The deadly shooting at a Madden NFL 19 tournament in Jacksonville, Florida, has shaken the gaming community–and brought broader attention to the intensely competitive, potentially lucrative world of professional eSports.
David Katz, 24, a highly rated Madden player from Maryland, targeted fellow players at Sunday’s regional qualifier, bringing two handguns, one with a laser sight, and extra ammunition to the restaurant where they were competing, police said.
“He walked past patrons who were on other parts of the business and focused his attention on the games,” Jacksonville Sheriff Mike Williams said at a Monday afternoon news conference.
The shooting, which could be heard on a livestream on the video game site Twitch, left two pro gamers dead: Taylor Robertson, 28, of West Virginia and Elijah Clayton, 22, of California. Nearly a dozen others were wounded or injured, and Katz killed himself.
The violence erupted at a time when more money and attention floods into “eSports.”
In February, games industry analysis group Newzoo predicted that the industry, which centers on competitive tournaments that draw hundreds of millions of viewers each year, would grow to nearly $1 billion in 2018. Dozens of colleges and universities have created eSports teams.
Madden NFL is one of the best-selling games of all time, with more than 130 million copies sold to armchair athletes. But the top players for that game and others are in a league of their own–winning prizes, endorsements and fame.
Gamers who want to make it big often devote their lives to the games, practicing at length for intense qualifier tournaments that can make or break an eSports career, like the one in Jacksonville.
Imad Khan, who writes about the industry, said eSports can foster an intensely competitive atmosphere.
“All the pro players I’ve talked to, win or lose, it’s not even the money they care about,” Khan told The Daily Beast. “It’s just about beating the other guy and just being the best.”

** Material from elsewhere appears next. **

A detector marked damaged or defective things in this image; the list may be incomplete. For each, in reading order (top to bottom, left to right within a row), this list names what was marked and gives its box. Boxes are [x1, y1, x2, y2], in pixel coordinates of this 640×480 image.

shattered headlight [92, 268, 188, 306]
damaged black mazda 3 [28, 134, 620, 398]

Madden, like others based on professional athletics, lags far behind other video game genres in terms of tournament participation, audience and prize moneyy. While the top players in the most popular games, like the battle game Dota 2, live in team houses and practice full-time, pro Madden players often compete while attending college or holding down other jobs.
“It’s definitely one of those eSports where you can kind of do it on the side,” Khan said.

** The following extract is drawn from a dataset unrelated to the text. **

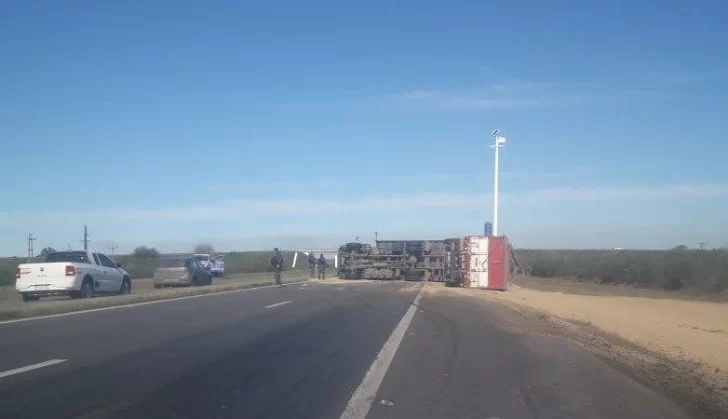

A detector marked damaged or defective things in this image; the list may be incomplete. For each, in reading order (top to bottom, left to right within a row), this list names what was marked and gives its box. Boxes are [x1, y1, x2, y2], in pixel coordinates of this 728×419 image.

overturned truck [338, 241, 464, 284]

Still, it’s big business, with the NFL creating a “head of eSports” position to manage the league’s relationship with football eSports.
The Jacksonville gunman had seen some success in eSports, winning a 2017 Madden tournament sponsored by the Buffalo Bills. During that competition, one announcer praised Katz’s intensity. “If I’m the Buffalo Bills, I’m excited that that’s the guy I got representing me,” the announcer said.

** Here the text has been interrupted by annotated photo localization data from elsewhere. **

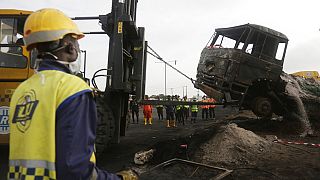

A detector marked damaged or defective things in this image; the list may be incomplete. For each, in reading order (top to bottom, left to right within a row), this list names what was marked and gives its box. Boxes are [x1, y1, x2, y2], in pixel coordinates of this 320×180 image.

burnt truck [195, 23, 290, 116]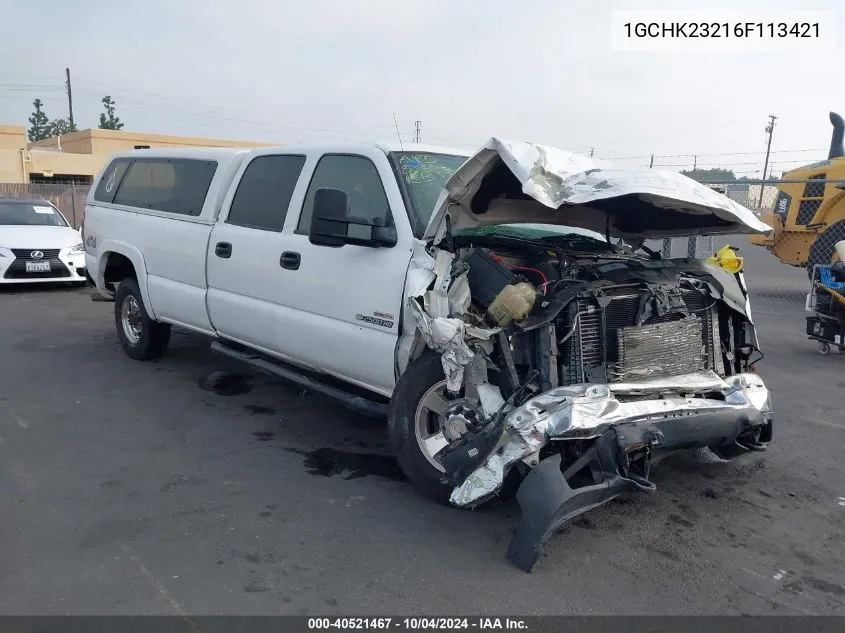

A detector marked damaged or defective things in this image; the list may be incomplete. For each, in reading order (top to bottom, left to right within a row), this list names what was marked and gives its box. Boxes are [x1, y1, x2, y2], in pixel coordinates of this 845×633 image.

severely damaged pickup truck [82, 138, 776, 572]
destroyed front end [392, 138, 776, 572]
crushed hood [426, 138, 776, 242]
crumpled bumper [446, 370, 776, 572]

In the gaming world, the shooting raised questions about security at esports tournaments.
Justin Wong, a professional gamer, tweeted that his family was urging him to avoid tournaments for safety reasons. The Jacksonville killing, Wong tweeted, made him “scared of going to any event in America.”
“I really hope security measures are stepped up at events now,” Wong tweeted. “I would pay extra just to be safe. Life is priceless.”
In August, video game writer Jason Fanelli complained about lax security at events, writing that one major tournament he attended was “dangerously unprepared.”
In the aftermath of the Jacksonville killings, the head of a major eSports conference tweeted that the shooting had “very clear” that gaming tournaments need better security, saying his event would use more metal detectors in the future.